La famiglia di appartenenza della Bidens tripartita (Asteraceae o Compositae, nomen conservandum) è la più numerosa del mondo vegetale, comprende oltre 23000 specie distribuite su 1535 generi[7] (22750 specie e 1530 generi secondo altre fonti[8]). Il genere di appartenenza (Bidens) è composto da circa 200 specie, delle quali 10 sono spontanee dei territori italiani.

Il numero cromosomico di B. tripartita è: 2n = 48[2][3].

Variabilità

La variabilità di questa specie si manifesta nella morfologia delle foglie e in alcuni elemento dell'infiorescenza (vedi le due sottospecie italiane), ma anche nella struttura dell'achenio che può presentarsi con nervature sviluppate e quindi a sezione più o meno angolata, con superficie tubercolata. In effetti alcune specie con queste caratteristiche (Bidens connata, Bidens eatonii, Bidens heterodoxa e Bidens infirma) sono ora incluse nella specie di questa voce[3].

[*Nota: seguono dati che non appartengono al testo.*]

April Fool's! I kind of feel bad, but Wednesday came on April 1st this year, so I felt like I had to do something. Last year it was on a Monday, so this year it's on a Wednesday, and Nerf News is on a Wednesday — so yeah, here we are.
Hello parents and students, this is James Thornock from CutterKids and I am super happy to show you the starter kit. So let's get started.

Nella tabella seguente sono indicate alcune sottospecie, varietà e forme non presenti in Italia[2][9]. L'elenco può non essere completo e alcuni nominativi sono considerati da altri autori dei sinonimi della specie principale o anche di altre specie.


Etimologia

L'etimologia del nome generico (Bidens) deriva da due parole latine”bis” (= due volte) e “dens” (= dente)[1] e si riferisce alle setole degli acheni di alcune specie di questo genere formate appunto da due denti appuntiti; mentre il nome specifico (tripartita) fa probabilmente riferimento alle foglie divise in tre segmenti.

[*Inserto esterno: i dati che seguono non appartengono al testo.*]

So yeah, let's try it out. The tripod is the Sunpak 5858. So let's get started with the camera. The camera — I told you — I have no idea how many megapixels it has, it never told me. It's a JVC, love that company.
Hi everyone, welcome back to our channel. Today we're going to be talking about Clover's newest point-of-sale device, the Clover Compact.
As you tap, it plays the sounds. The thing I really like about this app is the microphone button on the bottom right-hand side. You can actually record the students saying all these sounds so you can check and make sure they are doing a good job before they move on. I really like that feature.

Il binomio scientifico attualmente accettato (Bidens tripartita) è stato proposto da Carl von Linné (1707 – 1778) biologo e scrittore svedese, considerato il padre della moderna classificazione scientifica degli organismi viventi, nella pubblicazione Species Plantarum del 1753[2].

Farmacia

Secondo la medicina popolare Bidens tripartita possiede le seguenti proprietà medicinali[12]:
  • antisettica (proprietà di impedire o rallentare lo sviluppo dei microbi);
  • astringente (limita la secrezione dei liquidi);
  • diuretica (facilita il rilascio dell'urina);
  • emmenagoga (regola il flusso mestruale);
  • emostatica (blocca la fuoriuscita del sangue in caso di emorragia);
  • febbrifuga (abbassa la temperatura corporea);
  • lassativa (ha proprietà purgative);
  • sedativa (calma stati nervosi o dolorosi in eccesso);
  • stupefacente (sono in grado di alterare lo stato di coscienza).

Altri usi

Da alcune parti della pianta si può ottenere sia un colorante nero che giallo; l'incenso prodotto con Bidens tripartita respinge gli insetti e le mosche[12].